If b=3, c=4 and $\angle B = \dfrac{\pi }{3}$, then the number of triangles that can be constructed is
$
  (a){\text{ 0}} \\
  (b){\text{ 1}} \\
  (c){\text{ 3}} \\
  (d){\text{ 2}} \\
 $

Answer 1

Hint – In this question use the direct formula for sin rule that is $\dfrac{{\sin A}}{a} = \dfrac{{\sin B}}{b} = \dfrac{{\sin C}}{c}$, where a, b and c are the sides and A, B and C are the angles. Substitute the values, this will help approaching the problem.

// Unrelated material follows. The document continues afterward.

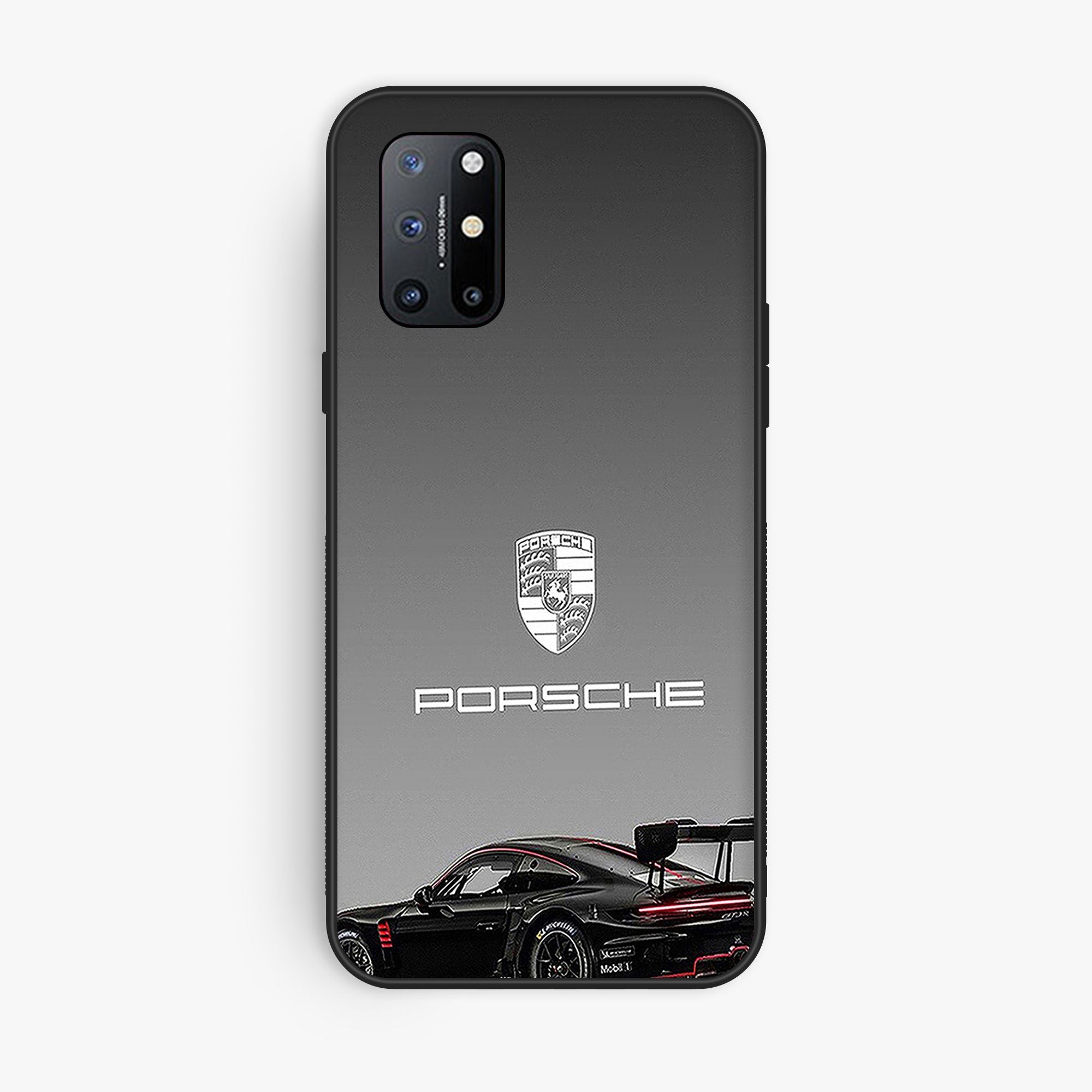 OnePlus 8t - Wallpaper 152 - Premium Printed Glossy Phone Case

Complete step-by-step answer:
Given data
$b = 3,c = 4,B = \dfrac{\pi }{3}$
Now as we know that every triangle follows the rule of sin (i.e. the ratio of sin and their respective sides are always equal).
$ \Rightarrow \dfrac{{\sin A}}{a} = \dfrac{{\sin B}}{b} = \dfrac{{\sin C}}{c}$
$ \Rightarrow \dfrac{{\sin B}}{b} = \dfrac{{\sin C}}{c}$
Now substitute the values in this equation we have,
$ \Rightarrow \dfrac{{\sin \dfrac{\pi }{3}}}{3} = \dfrac{{\sin C}}{4}$
Now simplify the above equation we have,
$ \Rightarrow \sin C = \dfrac{4}{3} \times \sin \dfrac{\pi }{3} = \dfrac{4}{3} \times \dfrac{{\sqrt 3 }}{2} = \dfrac{{2\sqrt 3 }}{3}$, $\left[ {\because \sin \dfrac{\pi }{3} = \dfrac{{\sqrt 3 }}{2}} \right]$
Now as we know $ - 1 \leqslant \sin \theta \leqslant 1$
But $\dfrac{{2\sqrt 3 }}{3} > 1$
$ \Rightarrow \sin C > 1$ (which is not possible)
Hence, no triangle is possible.
So this is the required answer.
Hence option (A) is correct.

Note – The key trick involved here was regarding the range of sin function. Sin is a periodic function whose range belongs to the interval of [-1,1] and period is $2\pi $. So the value of sin can’t exceed 1 and can be lowered than -1, that’s why no triangle is possible for the angles obtained as $\dfrac{{2\sqrt 3 }}{3} > 1$.